▶ Work required: Return every line from the one with "Ausblick auf die" through the one with "Более ста спортсменов", inclusive, exactly as it appears below.

▶ Supplied information:
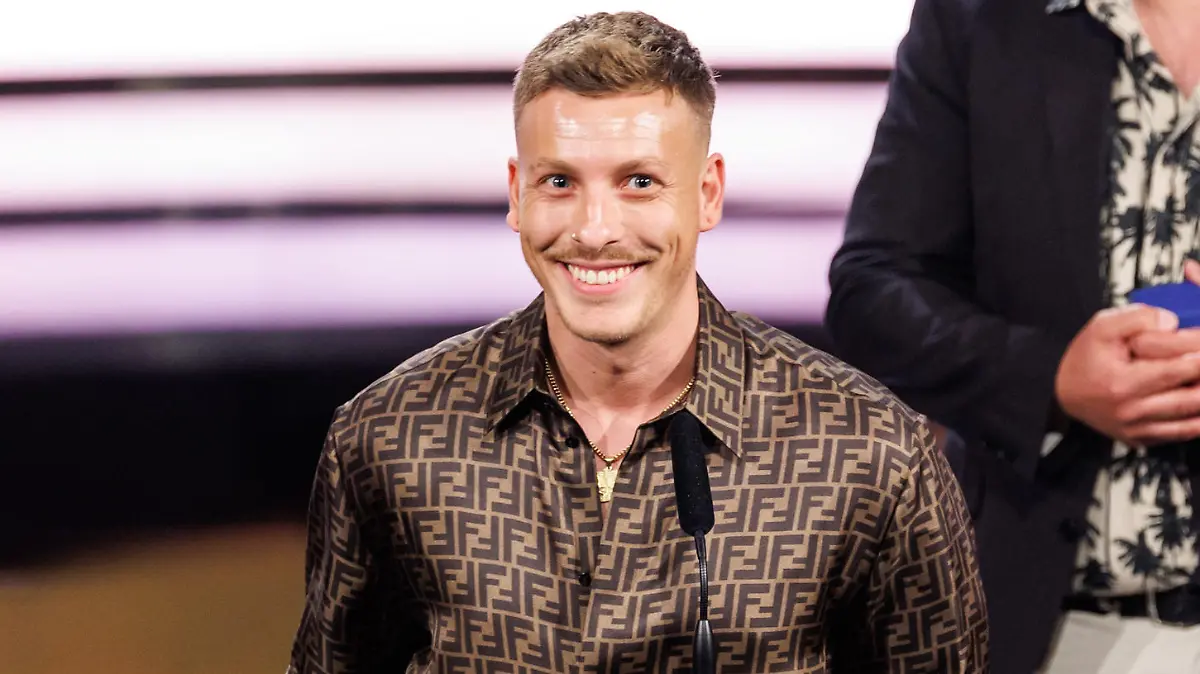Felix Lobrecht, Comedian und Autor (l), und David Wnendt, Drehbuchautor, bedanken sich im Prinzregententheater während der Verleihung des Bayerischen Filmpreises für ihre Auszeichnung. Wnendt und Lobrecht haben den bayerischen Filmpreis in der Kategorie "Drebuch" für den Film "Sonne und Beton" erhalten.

==

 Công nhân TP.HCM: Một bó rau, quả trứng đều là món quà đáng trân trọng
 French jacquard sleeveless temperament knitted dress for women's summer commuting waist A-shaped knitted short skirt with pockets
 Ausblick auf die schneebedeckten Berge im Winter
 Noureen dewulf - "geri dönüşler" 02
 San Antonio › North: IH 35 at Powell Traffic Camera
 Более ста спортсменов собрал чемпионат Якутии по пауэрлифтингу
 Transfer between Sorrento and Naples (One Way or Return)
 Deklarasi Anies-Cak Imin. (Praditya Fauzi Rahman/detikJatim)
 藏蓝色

--

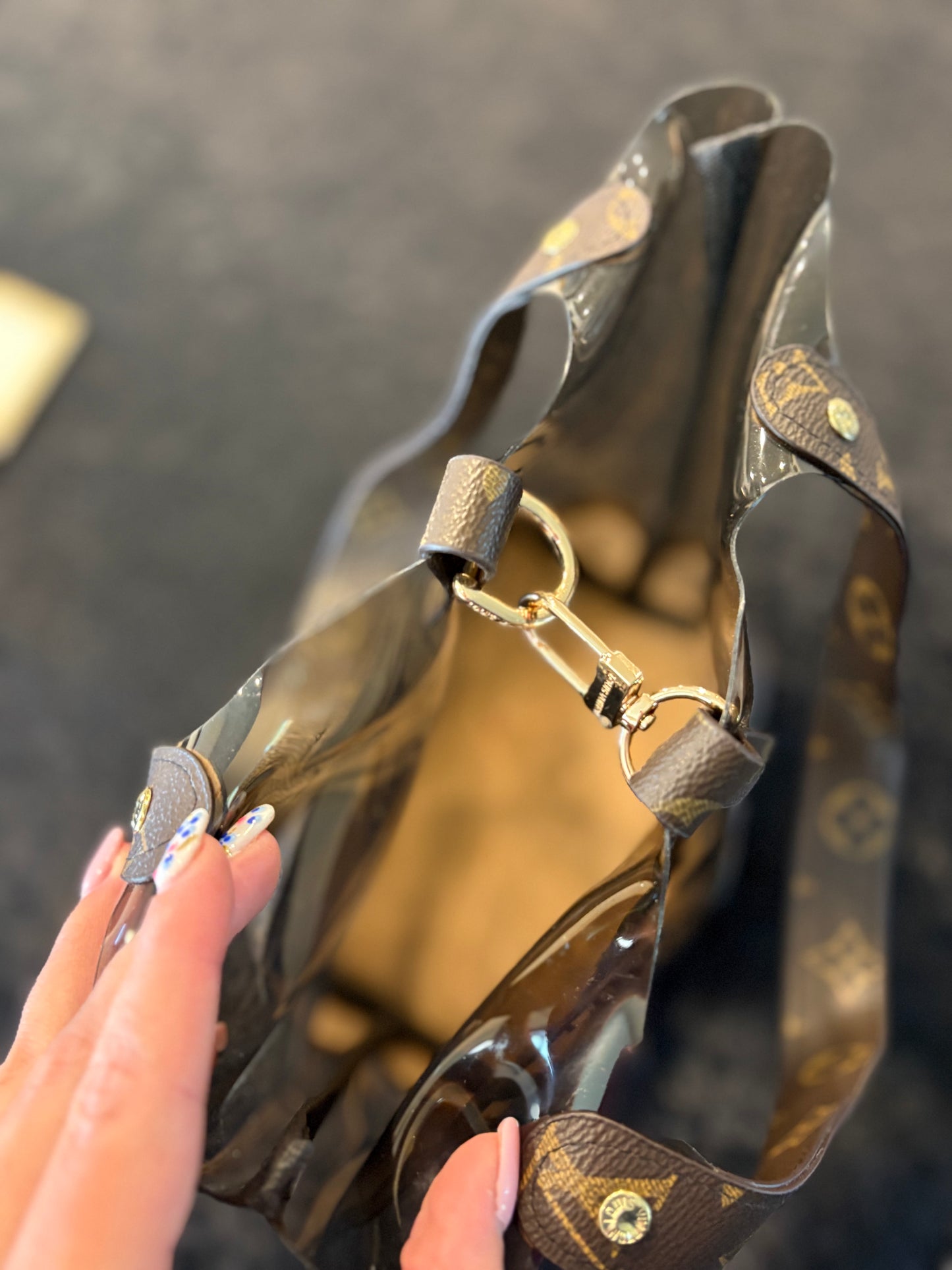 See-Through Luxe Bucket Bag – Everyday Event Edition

▶ Response below:
 Ausblick auf die schneebedeckten Berge im Winter
 Noureen dewulf - "geri dönüşler" 02
 San Antonio › North: IH 35 at Powell Traffic Camera
 Более ста спортсменов собрал чемпионат Якутии по пауэрлифтингу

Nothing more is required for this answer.